(Problem to solve): Data follows below. Repeat exactly the lines between the line holding "24-web-or-mls-16513 Duluth Trl-14.jpg" and the line holding "Kartal Belediyesi, Ramazan’da", inclusive, and nothing more; drop pictures.

(Provided entries):
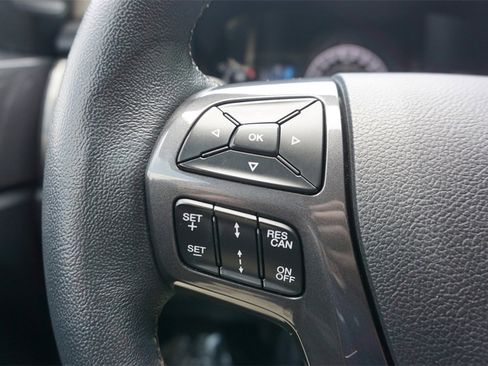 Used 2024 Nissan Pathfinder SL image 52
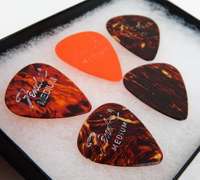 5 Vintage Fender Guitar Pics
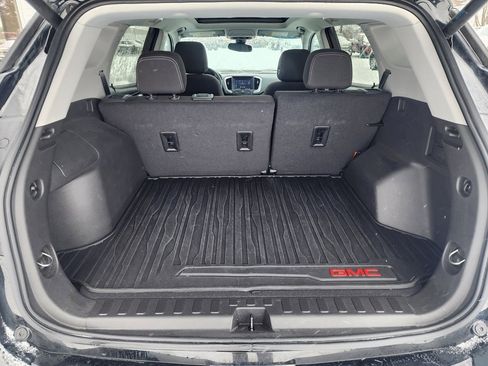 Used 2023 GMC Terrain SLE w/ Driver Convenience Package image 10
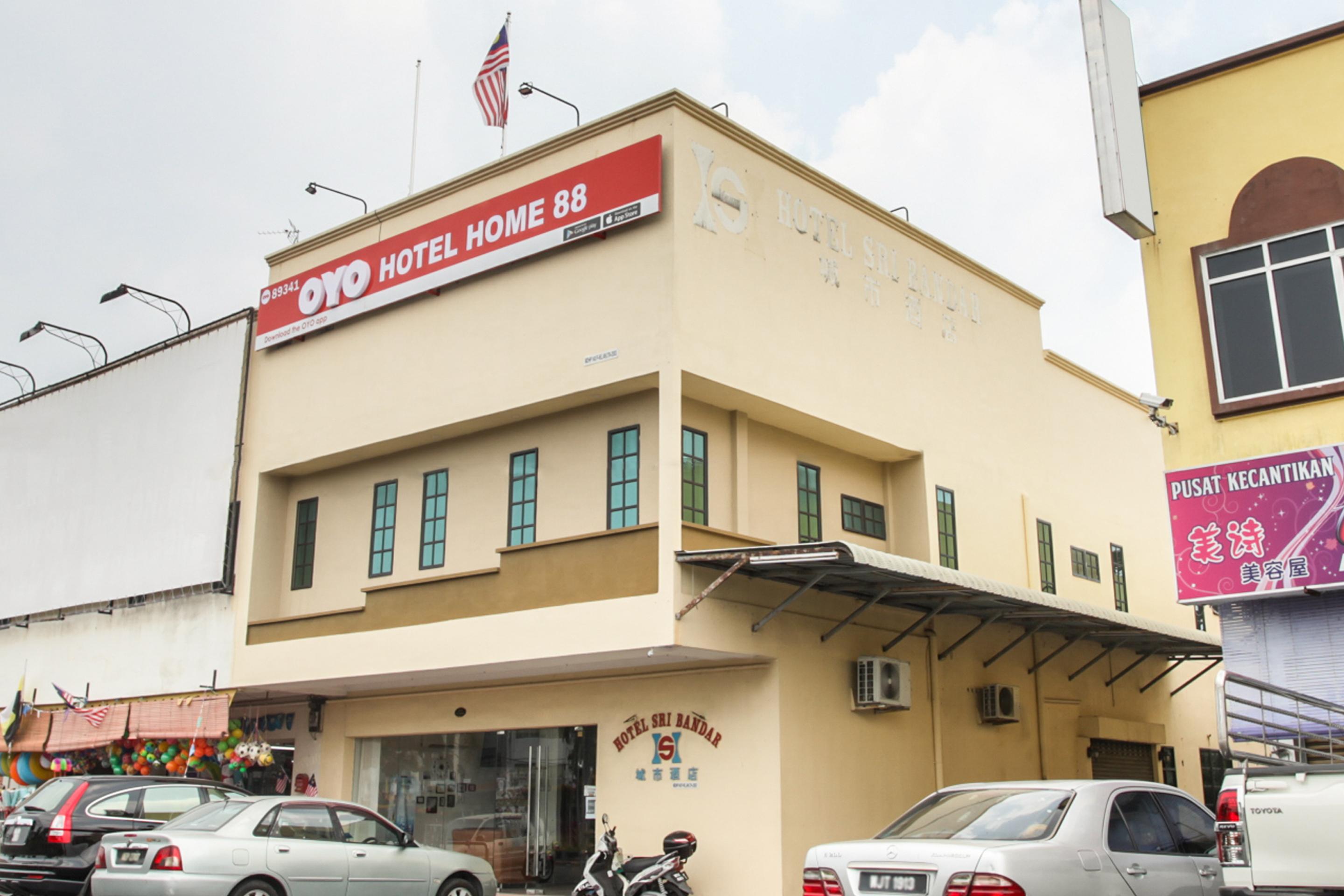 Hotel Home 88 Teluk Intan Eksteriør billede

==

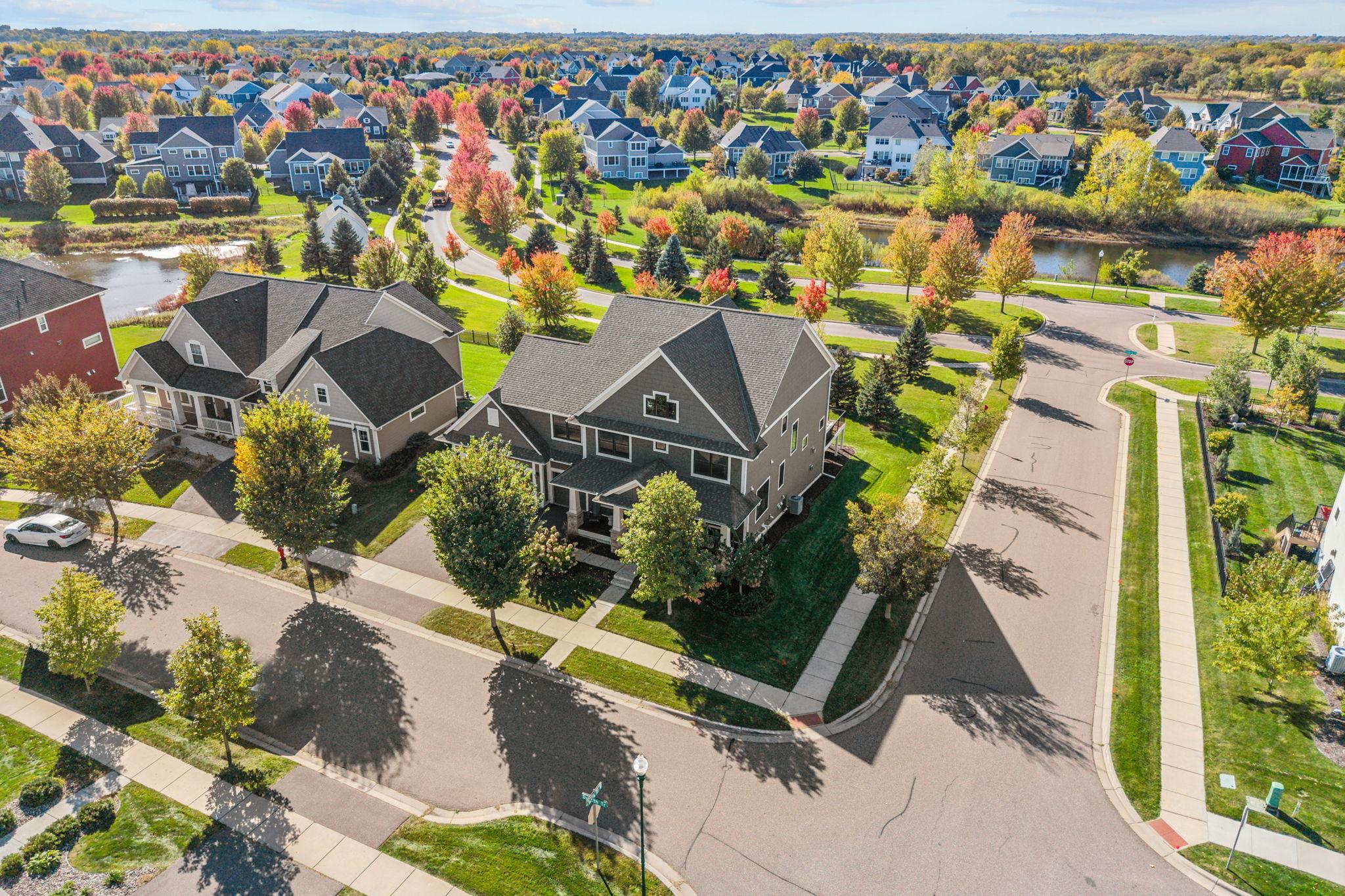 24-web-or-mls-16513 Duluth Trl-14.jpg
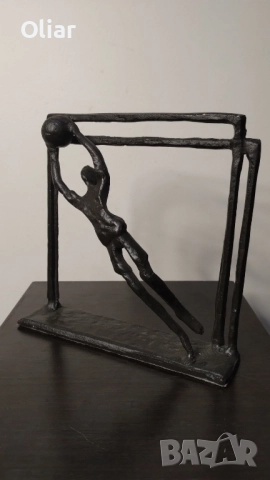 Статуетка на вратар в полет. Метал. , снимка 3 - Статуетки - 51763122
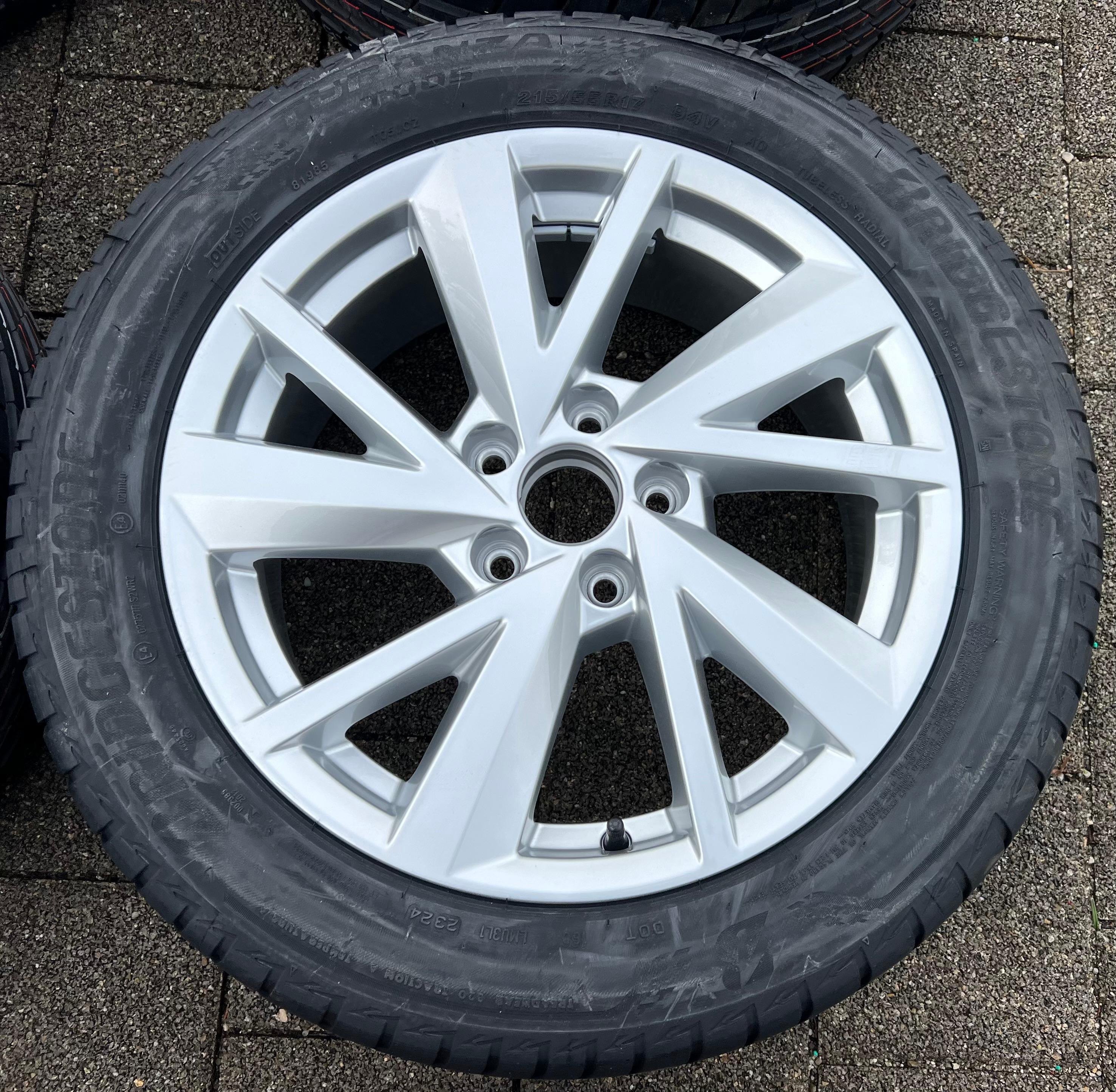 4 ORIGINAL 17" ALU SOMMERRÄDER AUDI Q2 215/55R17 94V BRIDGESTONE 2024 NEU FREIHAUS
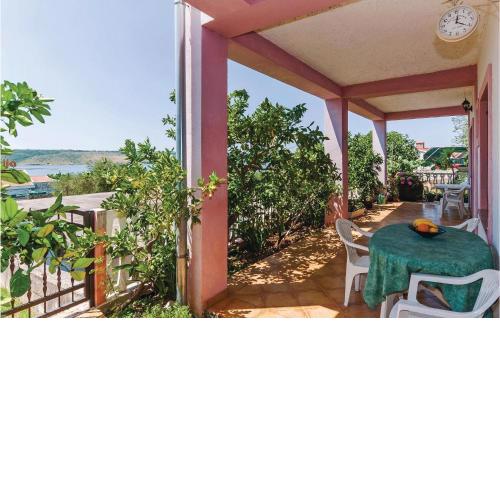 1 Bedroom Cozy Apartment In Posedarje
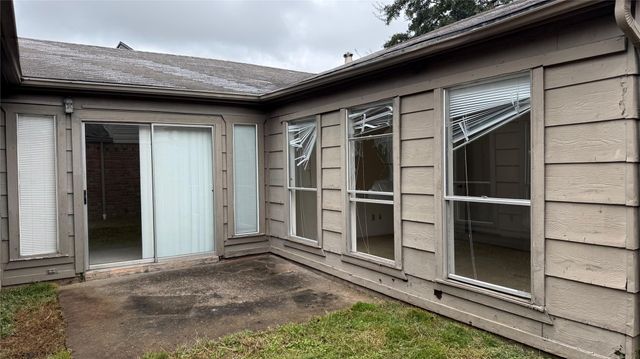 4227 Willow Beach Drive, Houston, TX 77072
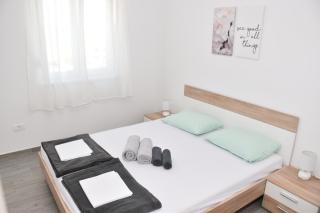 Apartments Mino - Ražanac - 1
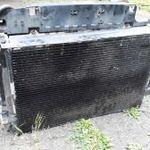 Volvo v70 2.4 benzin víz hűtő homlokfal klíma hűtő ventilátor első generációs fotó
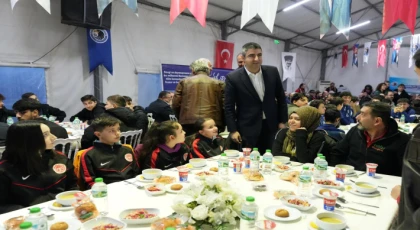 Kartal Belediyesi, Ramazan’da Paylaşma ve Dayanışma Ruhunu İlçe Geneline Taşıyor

(Your solution):
 24-web-or-mls-16513 Duluth Trl-14.jpg
 Статуетка на вратар в полет. Метал. , снимка 3 - Статуетки - 51763122
 4 ORIGINAL 17" ALU SOMMERRÄDER AUDI Q2 215/55R17 94V BRIDGESTONE 2024 NEU FREIHAUS
 1 Bedroom Cozy Apartment In Posedarje
 4227 Willow Beach Drive, Houston, TX 77072
 Apartments Mino - Ražanac - 1
 Volvo v70 2.4 benzin víz hűtő homlokfal klíma hűtő ventilátor első generációs fotó
 Kartal Belediyesi, Ramazan’da Paylaşma ve Dayanışma Ruhunu İlçe Geneline Taşıyor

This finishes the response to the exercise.